D’ailleurs, le départ d’Alan Ganoo et consorts a fragilisé la structure de ce parti. Les guerres intestines, les complots, les frondes contre (et pour !) Paul Bérenger ont fini par faire vaciller l’édifice : «Et l’incapacité du leader maximo de se remettre en question est comme une ultime bourrasque.» Néanmoins, le MMM veut se tourner vers l’avenir. Un avenir dans karo kann, précisent certains observateurs. Qu’importe ! Pour les prochaines législatives, le parti sera toujours là… et toujours fort. «Pour l’instant, nous subissons la popularité de l’Alliance Lepep. Mais les membres du gouvernement feront des faux pas. Il y aura des scandales. Les Mauriciens se lasseront», explique un membre du CC.

 

 Paul Bérenger l’a rappelé cette semaine : «Je dois dire qu’on a pris la mesure de la crainte du public à la suite de la victoire de l’Alliance Lepep et surtout le ton de sir Anerood Jugnauth.
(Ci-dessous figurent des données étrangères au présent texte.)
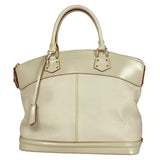 Louis Vuitton Lockit MM Handbag Tote Bag Suhari Bron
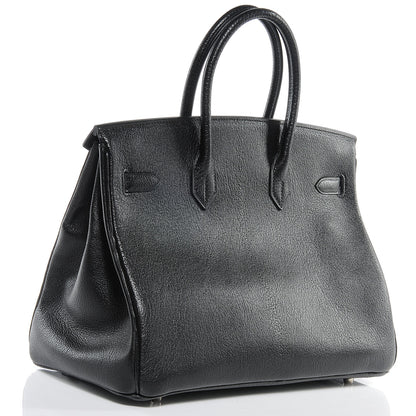 Hermes Chevre Birkin 35 Black 3 of 10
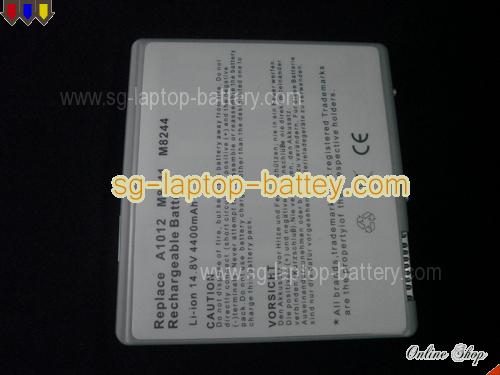  image 2 of APPLE PowerBook G4 15 inch M7710J/A Replacement Battery 4400mAh 14.8V Gray Li-ion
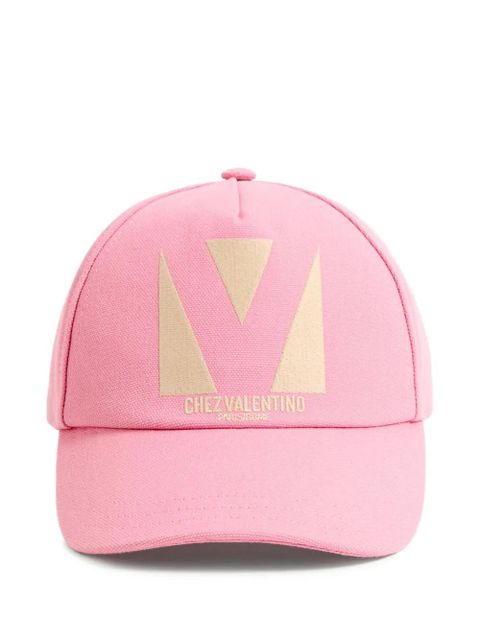 Valentino Garavani Chez baseball cap - Pink - zdjęcie produktu nr 1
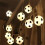 Football String Lights Battery Operated Extra-Long Soft 5
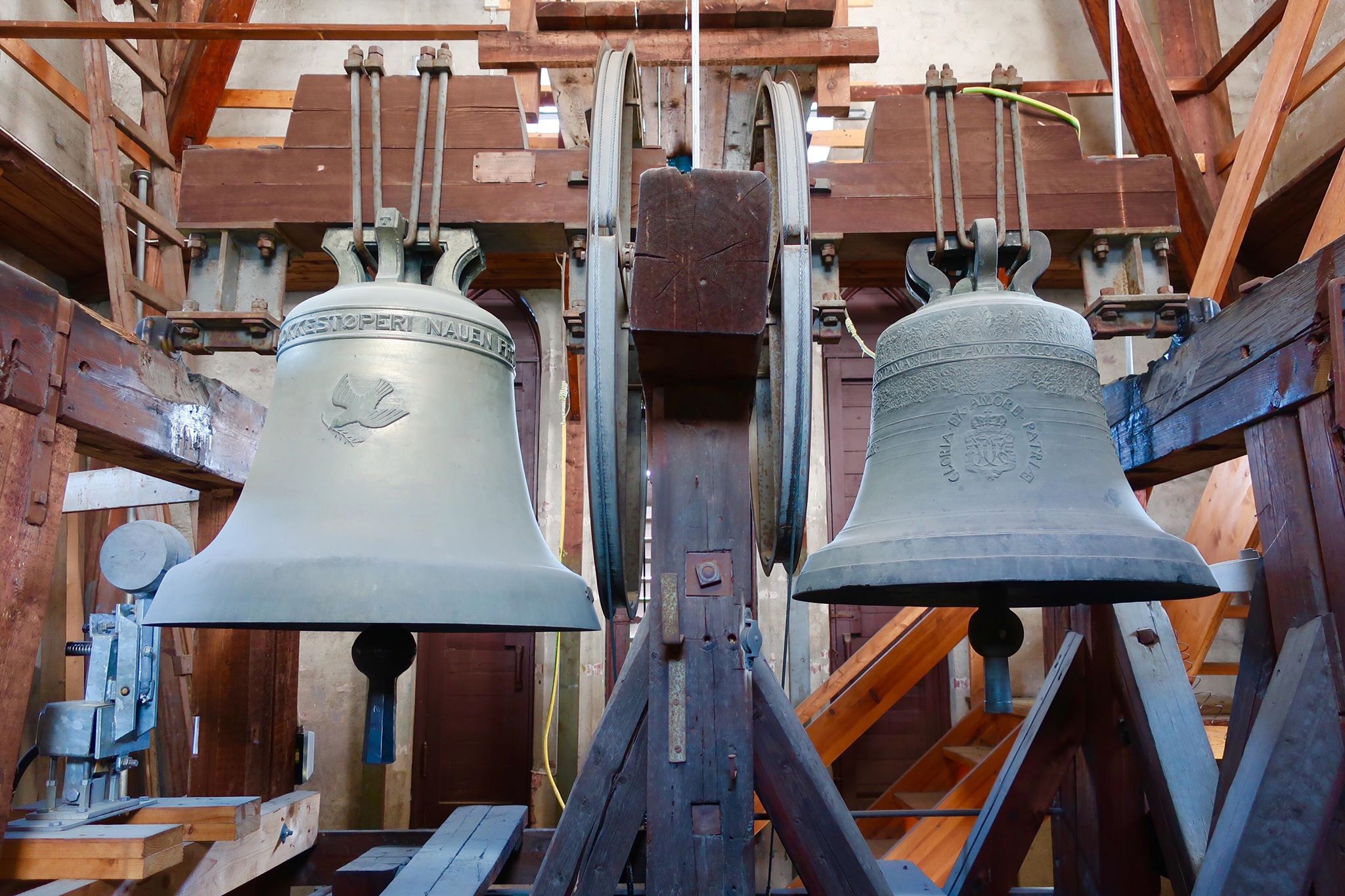 Ringing i kirkeklokkene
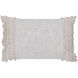 Kandie 22 inch Light Gray Pillow Kit in 14 x 22, Lumbar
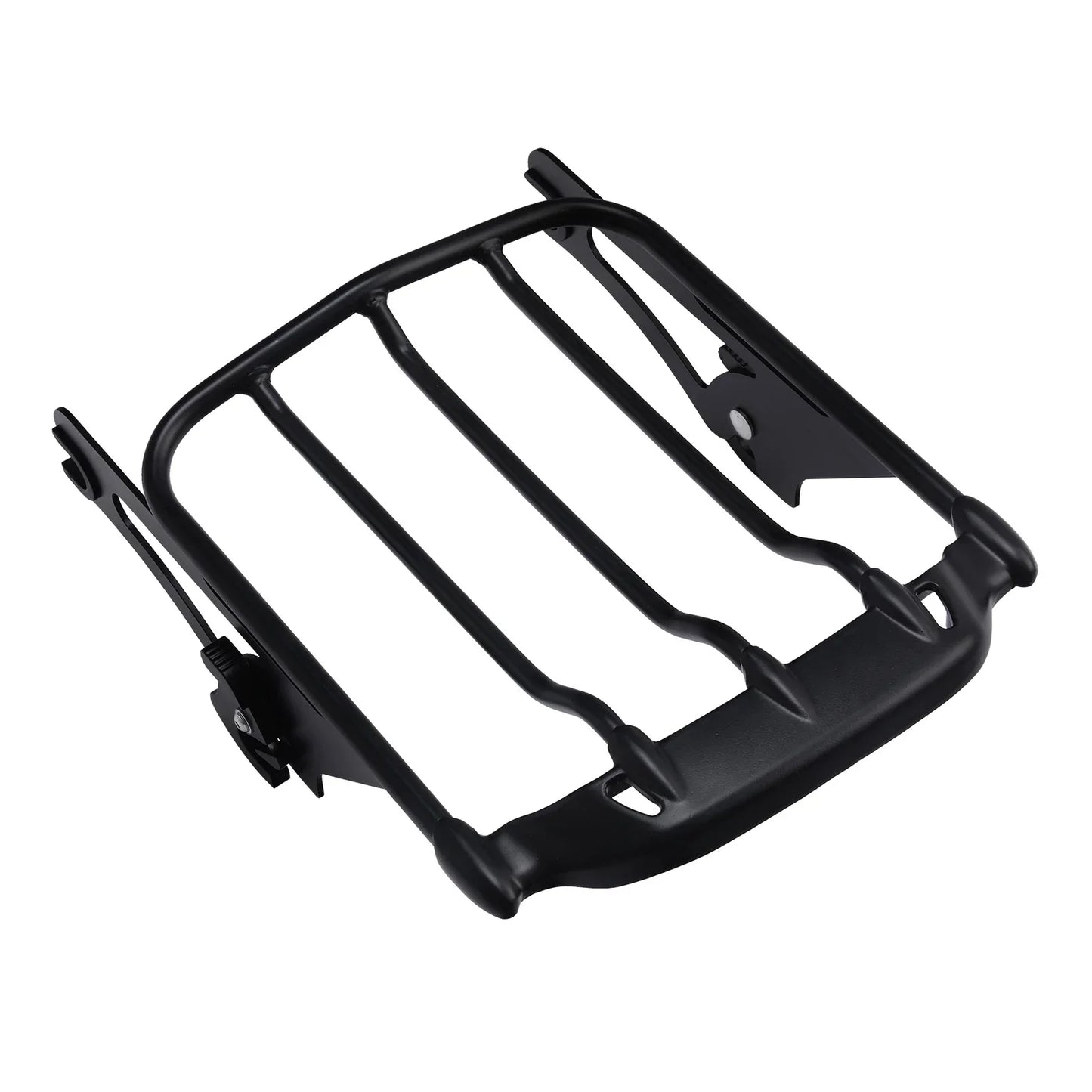 Black Detachable Luggage Rack for Harley Electra Road Glide (2009-2024)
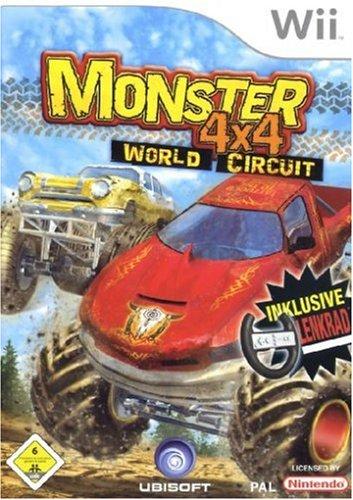 Monster 4x4 World Circuit (inkl. Lenkrad)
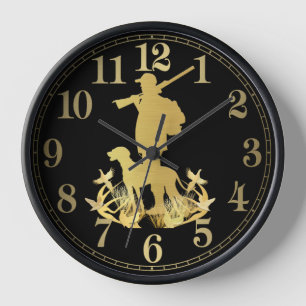 Horloge Chasseur d'or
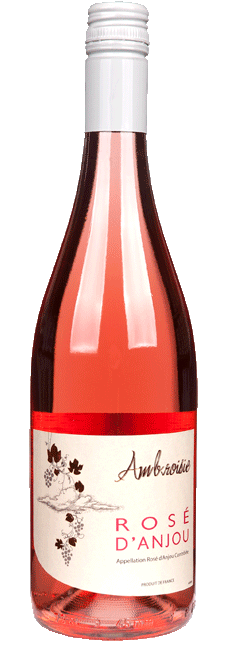 Ambroisie Rose d Anjou I Like Wine ILikeWine.nu Wall of wine de nieuwe wijnkaart WallofWine.nl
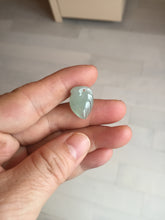 Load image into Gallery viewer, Type A 100% Natural icy watery sunny green/purple/white/yellow Jadeite Jade Peach Pendant group BF151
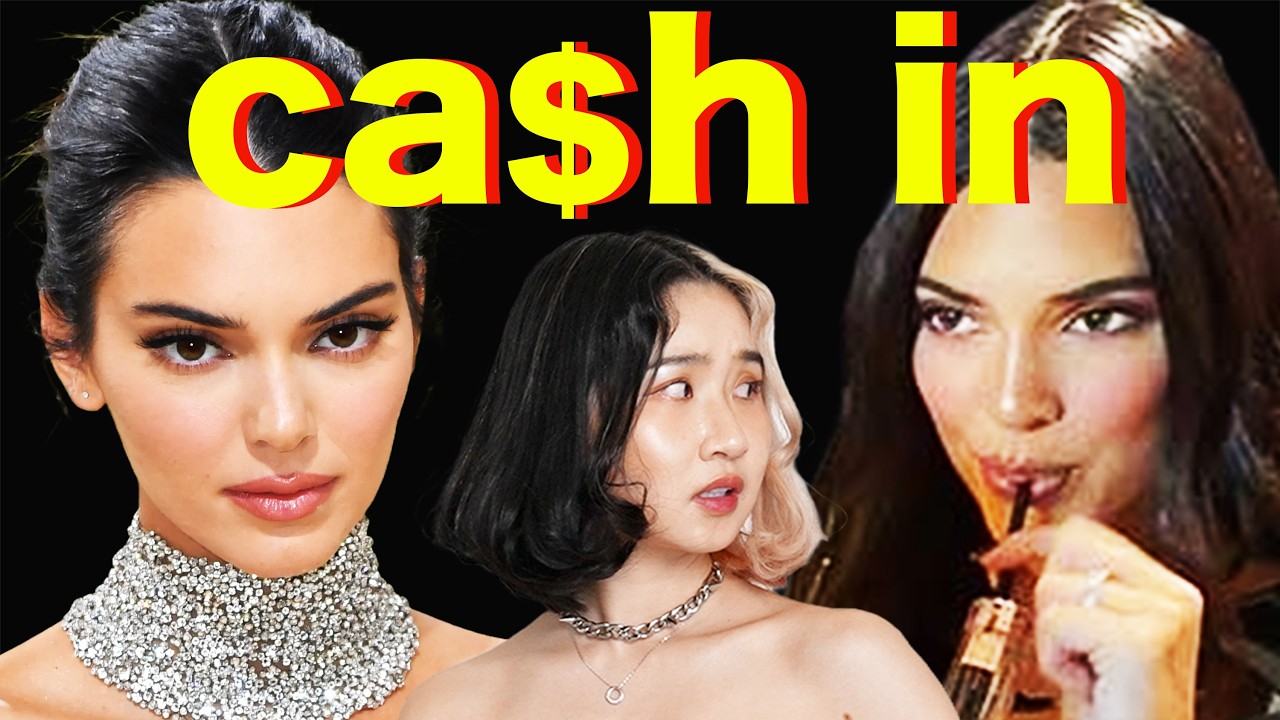 the step by step rebrand that SAVED Kendall Jenner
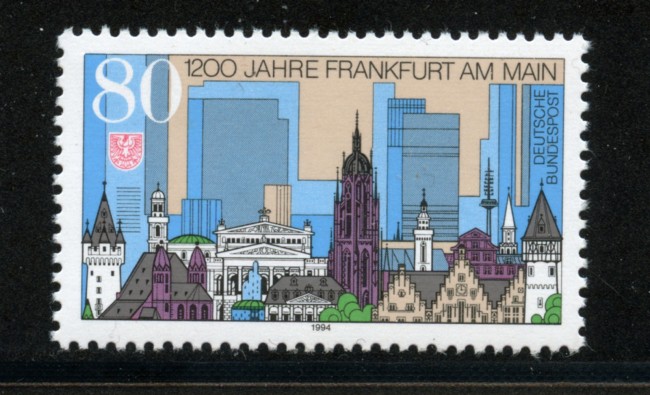 1994 - LOTTO/19084 - GERMANIA - CITTA' DI FRANCOFORTE - NUOVO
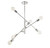 Six Light Chandelier (M10084PN)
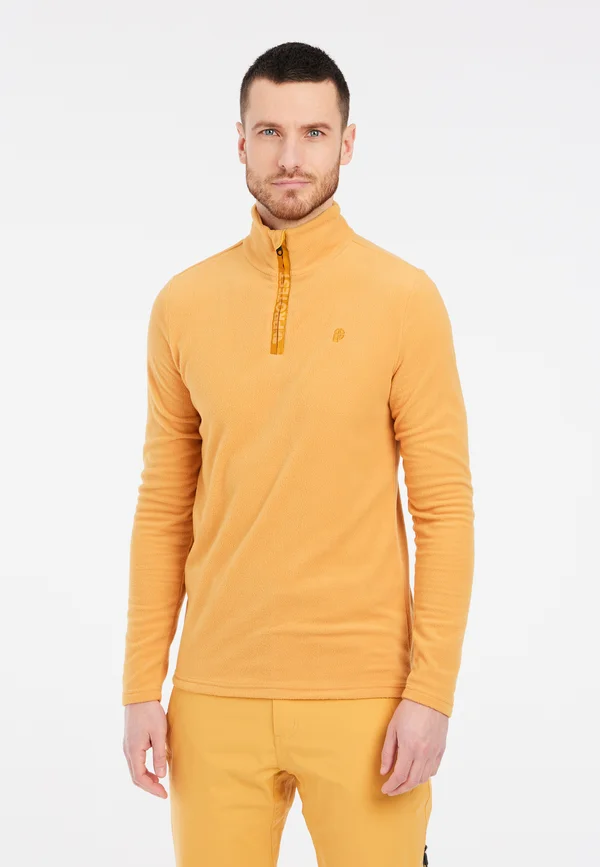 PERFECTO - Fleecepullover - cab yellow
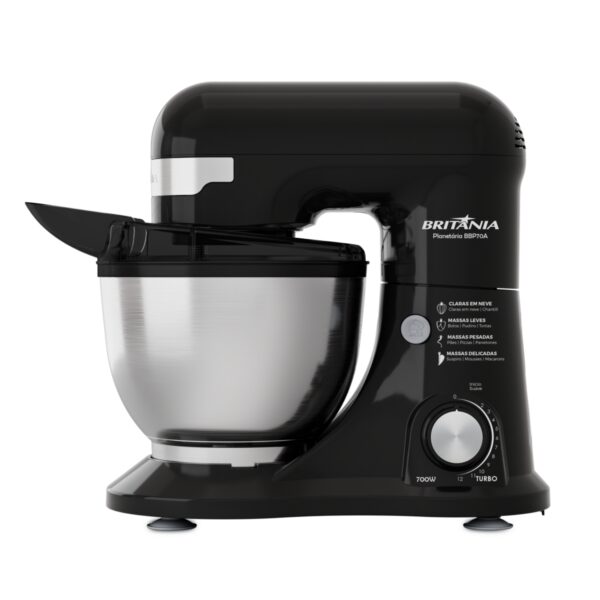 Batidora Britania Planetaria BBP70A 700W Inox - 220V - 13666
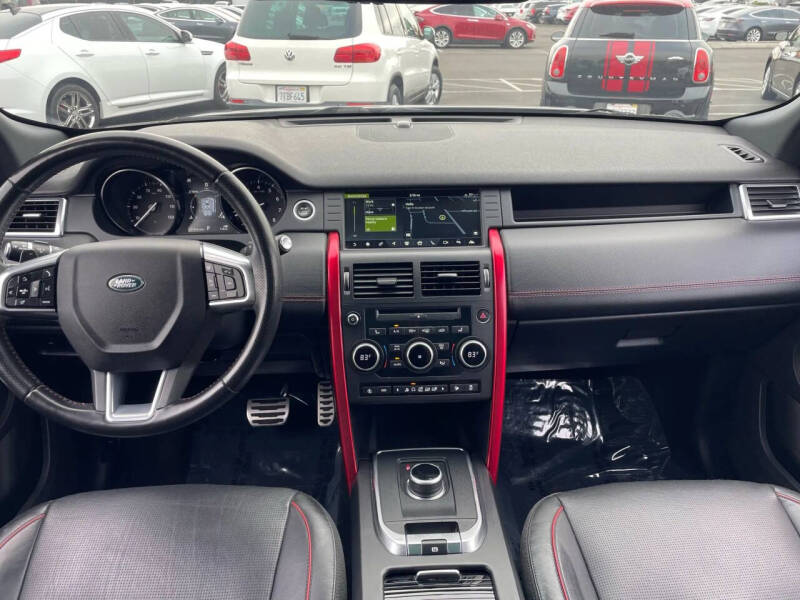 2018 Land Rover Discovery Sport HSE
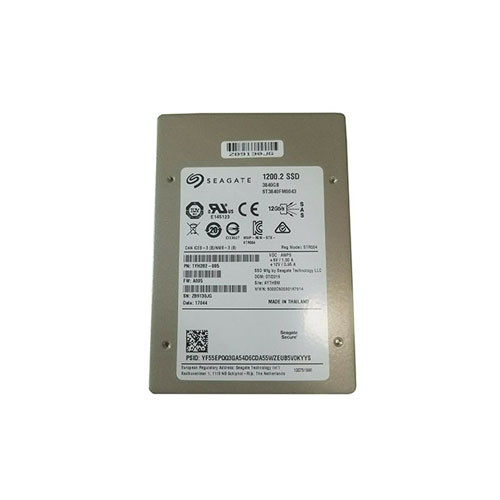 ST3840FM0043 - Seagate 1200.2 3.84TB SAS 12Gb/s MLC 2.5-inch Solid State Drive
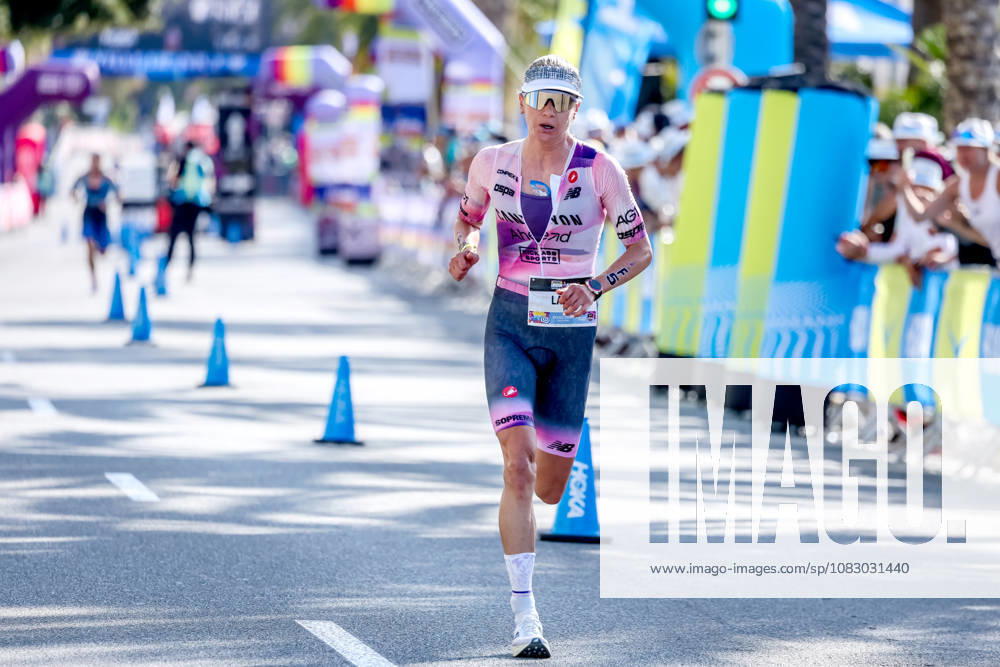2026 IRONMAN 70.3 Weltmeisterschaft Nizza - Laura Philipp Athleten beim Wettkampf der VinFast IRONMAN 70.3 Weltmeisterschaft 2026 in Nizza, Frankreich. Nizza Promenade des Anglais Alpes-Maritimes Provence-Alpes-Côte d Azur France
Un ton menaçant et hargneux. Le gouvernement actuel se laisse aller à toutes sortes d’abus.» Et c’est là que le MMM se refera une image. Le malheur des autres fera le bonheur des Mauves. De quoi faire battre la chamade à leur cœur dans l’expectative. D’autres espèrent que d’ici quatre ans et des poussières, Paul Bérenger finisse par se retirer avec dignité. «Ces derniers nous ont appris une chose : ce n’est que le leader du MMM qui pourra décider quand il voudra et comment il voudra s’en aller. La pression des militants n’y fera rien», confie un ancien membre du MMM, qui suit la situation politique locale de près. 

 

Redorer l’image

 

La crainte que le ML arrive à rassembler les militants avec l’aide du Mouvement patriotique d’Alan Ganoo ne semble pas perturber Paul Bérenger, estime notre interlocuteur. Surtout que si ce dernier et Ivan Collendavelloo ont le même désir – réunifier la famille MMM –, ils n’en ont pas forcément les moyens actuellement, car le MSM ne serait pas très chaud pour accueillir les dissidents mauves. Et puis, le MMM finira par renaître de ses cendres, estime celui qui a pris ses distances de ce parti depuis longtemps : «Ce n’est pas la première fois que le MMM vit des moments difficiles. L’expérience du passé permet une certaine résilience. Alors, les membres de ce parti se disent qu’au final, ça va aller.»

 

Reste qu’il est nécessaire de se réinventer, comme l’a confié Arvin Boolell au lendemain des municipales : «Le PTr et le MMM doivent se réinventer.» Il ne s’agit pas de se laisser guider par la vague Lepep, de demander des élections anticipées à chaque conférence de presse et de s’allier avec le premier venu (ou le dernier, d’ailleurs). «Après toutes ces émotions, après cette période électorale intense, nous avons la possibilité de souffler et de nous reconstruire. Sans stress», confie le membre du CC. Bâtir une nouvelle image afin de fédérer à nouveau. S’appuyer sur l’ancienne pour cimenter les liens. Et s’assumer : «Pas de jeu d’alliance surtout. D’ailleurs, ça ne servirait à rien pour l’instant.» Mais aussi retrouver la voie de la crédibilité perdue en étant une opposition, une vraie !

 

Et pas de jeu de mathématiques politique, non plus ! Au programme : racheter une autre calculette.